By the way, I would just like to state that for the record, no amount of girlfriend-related tragedy will ever inspire me to feel the slightest bit of sympathy for Daemon (she said confidently in full knowledge of Amano's almighty backstory powers... but the hell with it! DO YOUR WORST, AMANO. DO YOUR WORST). That said, that picture of the guardians is totes fucking adorable, and I love how it totally mirrors that one picture of Tsuna and his guardians too. And that Yamamoto and Knuckle are once again indistinguishable. And that Lampo is all, "DERP!" And that Giotto is totally the shortest kid at the mafia party and must have never ever gotten to ride the roller coasters ever.

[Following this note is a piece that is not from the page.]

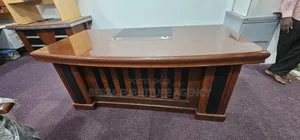 Executive Office Table 180cm With Movable Drawer
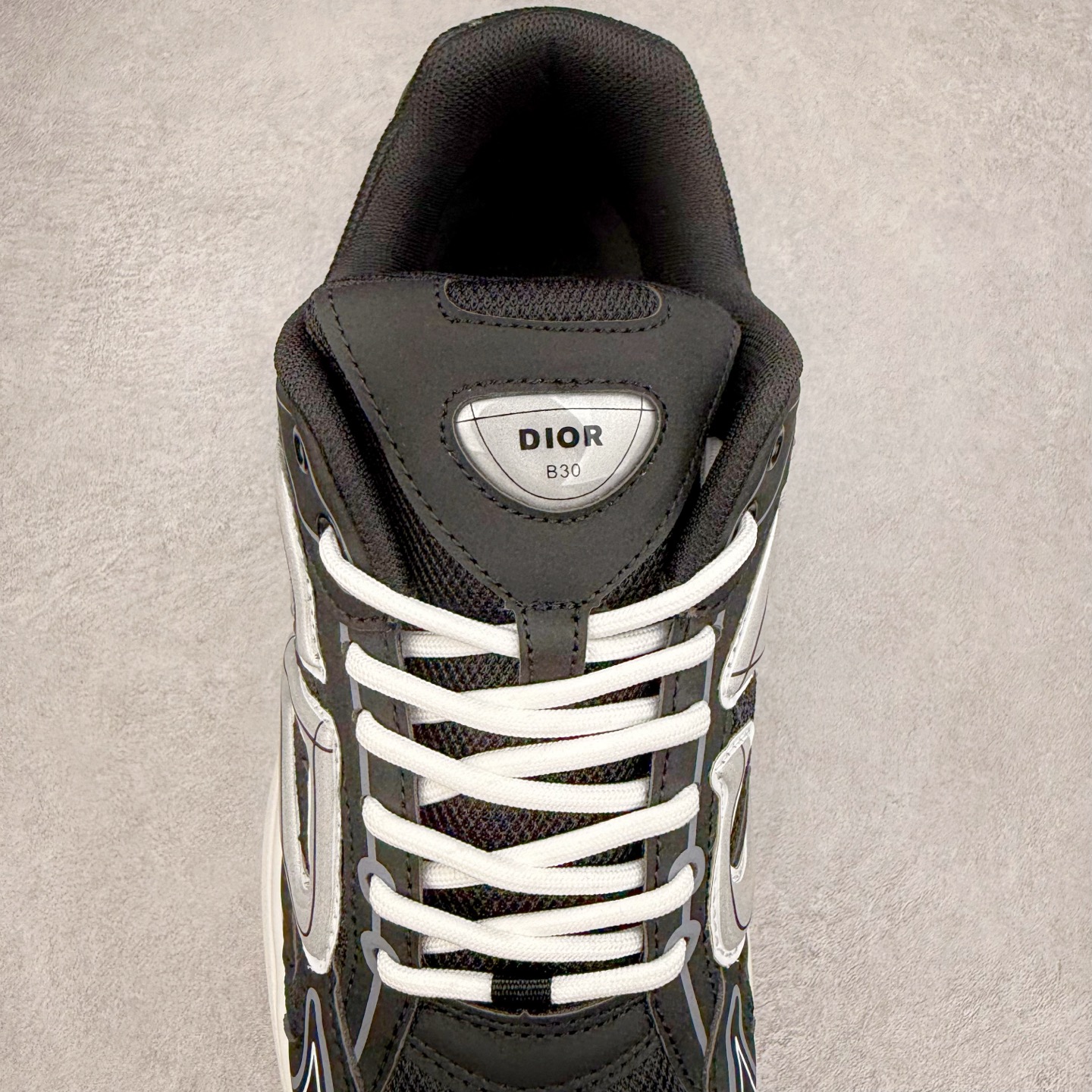 图片[5]-＃福利特价 Dior B30 迪奥网眼织物低帮运动休闲鞋 该款系列采用黑网色眼织物白和色科技料面精心制 作饰以反光“CD30”图形标志 外格轻盈的刻雕效果橡胶鞋搭底配标志性点的缀提升格调 内弹部力细节塑造想理的舒适穿着体验可与各休式闲造型配搭 彰显尚时现代的运风动范 尺码：36 37 35 39 40 41 42 43 44 45-选品中心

And that not a single one of the other five guardians or Giotto has a female friend in sight, so there you have it! It is officially KHR canon that in the mafia, rather than having a one in ten chance of being gay, you have only a one in seven chance of being straight. Daemon's Girlfriend, you are officially the Hana of the Primo Generation! Congratulations, yours is a rare role indeed! Also, sorry that your boyfriend turned out to be six kinds of insane.Sooooo, that's that, I guess! Next week we'll have our last Primo flashbacks (and I swear to God, if Spade somehow comes out the end of this arc looking like a more sympathetic character than Giotto currently does, I'll... I don't even know. Just... lol, I guess), and then some reunions with our beloved imprisoned Ryoheis and Adelheids, and then presumably we will have Tsuna and Enma's official wedding chapter... and then on to the next arc? CAN WE DO THAT? It seems so sudden. OUR LITTLE INHERITANCE ARC IS ALL GROWN UP AND OFF TO COLLEGE ALREADY? Time to grab the old photo albums and get all misty-eyed, I guess.
P.S. I am going to finish that meme! (No, really! There is a reason I didn't just jump straight to the Homestuck prompt. I AM LEAVING IT THERE AS INCENTIVE.) I just need to figure out wtf to do about fics first because orz.